Repost: Why Do We Turn Away?

No one chooses pain. No one chooses to bury a child or live with chronic disease or the after effects of stroke.

But others get to choose whether they come alongside, practice compassion, serve as witness and call out courage or just walk away-thankful it’s not them that suffer.

THAT’S a choice.

The news goes out over Facebook, over phone lines, over prayer chains and everyone shows up.

Crowds in the kitchen, in the living room, spilling onto the lawn.

It’s what you do.

And it’s actually the easiest part.  Lots of people, lots of talking, lots of activity keep the atmosphere focused on the deceased and the family.  The conversation rarely dips to deeper waters or digs into harder ground:  “Where was God?”;  “Why him?”;  “Why do ‘bad’ things happen to ‘good’ people?”

But eventually the busyness and noise gives way to stillness and silence.

That’s when the harder part starts.

Read the rest here:  Why Do We Turn Away?

It’s Been YEARS, When Should I Mention My Missing Child?

This came up in a bereaved parents’ support group and I thought it was a great question:  When you meet someone for the first time, do you tell them about your missing child?”

It’s one of those practical life skills bereaved parents have to figure out.

I remember when it dawned on me a few months after Dominic left us that I would meet people who wouldn’t know he was part of my story unless I told them.

It was a devastating thought.  

I had no idea how I would face the first time it happened.  

Since then I’ve developed a script and guidelines, but it can still be awkward.

If the person I meet is going to be part of a ongoing relationship or partnership then I tell them fairly soon about Dominic.    Depending on who they are, how I sense they may be able to deal with it and if I feel comfortable enough I may give more or fewer details.  The main thing I try to communicate in sharing is that I will behave in ways they might not understand without the context of child loss.  I’m not looking for sympathy or special consideration but “bereaved parent” is as much a part of my identity as “married”.

If I am attending a social function and it’s a casual “meet and greet” then I won’t mention Dominic in terms of his death unless the conversation lends itself to that revelation.  No need to burden acquaintances with my story or run the risk of changing a celebratory mood to a sad one.

I always say I have four children-because I do.  But I don’t have to give details.  If the person insists I tell them more about my children it’s fairly easy to steer the conversation toward a detail or two about my living children without the person noticing it doesn’t add up to four.

I make sure to tell health professionals about Dominic because the stress, physical, emotional and mental changes grief has wrought are integral to my treatment plan.  I’ve had a couple of new doctors since Dom ran ahead and received different responses from them when I shared.  One seemed to understand the impact of child loss while another just continued typing without any acknowledgement of what I revealed.
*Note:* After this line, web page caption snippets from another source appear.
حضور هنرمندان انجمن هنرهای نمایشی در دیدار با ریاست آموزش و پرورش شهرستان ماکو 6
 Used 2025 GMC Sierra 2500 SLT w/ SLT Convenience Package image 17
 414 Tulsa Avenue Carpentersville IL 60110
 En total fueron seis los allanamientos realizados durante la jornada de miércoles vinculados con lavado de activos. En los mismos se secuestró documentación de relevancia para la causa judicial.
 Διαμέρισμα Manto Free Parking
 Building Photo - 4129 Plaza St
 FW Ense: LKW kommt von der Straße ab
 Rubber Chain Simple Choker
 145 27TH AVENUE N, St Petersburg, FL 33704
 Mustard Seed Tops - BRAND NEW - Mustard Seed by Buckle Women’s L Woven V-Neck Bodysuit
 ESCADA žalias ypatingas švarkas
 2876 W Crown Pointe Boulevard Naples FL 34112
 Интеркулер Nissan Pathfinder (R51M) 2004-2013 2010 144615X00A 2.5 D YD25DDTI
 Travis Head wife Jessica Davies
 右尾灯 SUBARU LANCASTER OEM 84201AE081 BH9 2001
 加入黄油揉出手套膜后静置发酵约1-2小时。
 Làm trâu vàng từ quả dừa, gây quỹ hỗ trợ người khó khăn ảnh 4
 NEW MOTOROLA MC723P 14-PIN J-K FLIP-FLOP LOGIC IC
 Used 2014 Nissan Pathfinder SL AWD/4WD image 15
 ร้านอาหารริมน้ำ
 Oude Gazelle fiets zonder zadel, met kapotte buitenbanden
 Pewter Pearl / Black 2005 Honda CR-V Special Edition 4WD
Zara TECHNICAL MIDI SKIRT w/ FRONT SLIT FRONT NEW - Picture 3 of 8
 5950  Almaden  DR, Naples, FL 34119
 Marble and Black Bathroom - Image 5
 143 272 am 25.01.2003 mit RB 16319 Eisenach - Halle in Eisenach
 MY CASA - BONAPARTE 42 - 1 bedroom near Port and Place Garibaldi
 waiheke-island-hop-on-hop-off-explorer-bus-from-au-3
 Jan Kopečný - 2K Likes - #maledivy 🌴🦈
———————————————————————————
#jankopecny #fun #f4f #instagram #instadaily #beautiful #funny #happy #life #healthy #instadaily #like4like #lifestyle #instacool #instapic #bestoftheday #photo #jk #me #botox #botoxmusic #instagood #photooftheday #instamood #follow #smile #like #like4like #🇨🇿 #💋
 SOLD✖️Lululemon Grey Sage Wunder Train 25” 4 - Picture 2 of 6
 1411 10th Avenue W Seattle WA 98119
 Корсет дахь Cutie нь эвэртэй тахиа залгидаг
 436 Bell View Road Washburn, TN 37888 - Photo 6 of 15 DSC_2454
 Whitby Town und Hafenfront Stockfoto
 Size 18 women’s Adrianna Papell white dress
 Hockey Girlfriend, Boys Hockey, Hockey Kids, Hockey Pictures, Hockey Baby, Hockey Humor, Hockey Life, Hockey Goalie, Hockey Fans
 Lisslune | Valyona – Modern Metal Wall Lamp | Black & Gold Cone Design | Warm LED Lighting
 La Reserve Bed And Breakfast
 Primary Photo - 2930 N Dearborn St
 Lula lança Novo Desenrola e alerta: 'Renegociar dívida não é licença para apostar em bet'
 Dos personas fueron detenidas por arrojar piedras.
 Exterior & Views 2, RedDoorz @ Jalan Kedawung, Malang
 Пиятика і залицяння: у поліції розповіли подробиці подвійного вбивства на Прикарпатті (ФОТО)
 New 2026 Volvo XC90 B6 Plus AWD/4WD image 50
My son’s death is not a dirty secret.

I don’t have to hide it to protect others.

But it is also not a “poor me” card that I fling on the table of relationships trying to manipulate others into showing me special consideration.

I want people to know Dominic.

dominic at gray haven

So I share.

I don’t want people to only think of him in terms of his death.

So sometimes I don’t.

It depends.

 

 

Over The Edge

Trigger warning:  I discuss my loss in terms of falling.  If you have lost a loved one to that kind of accident, you might want to skip this post.  ❤

I really don’t know how to explain it to anyone who has not had to repeatedly face their greatest fear. 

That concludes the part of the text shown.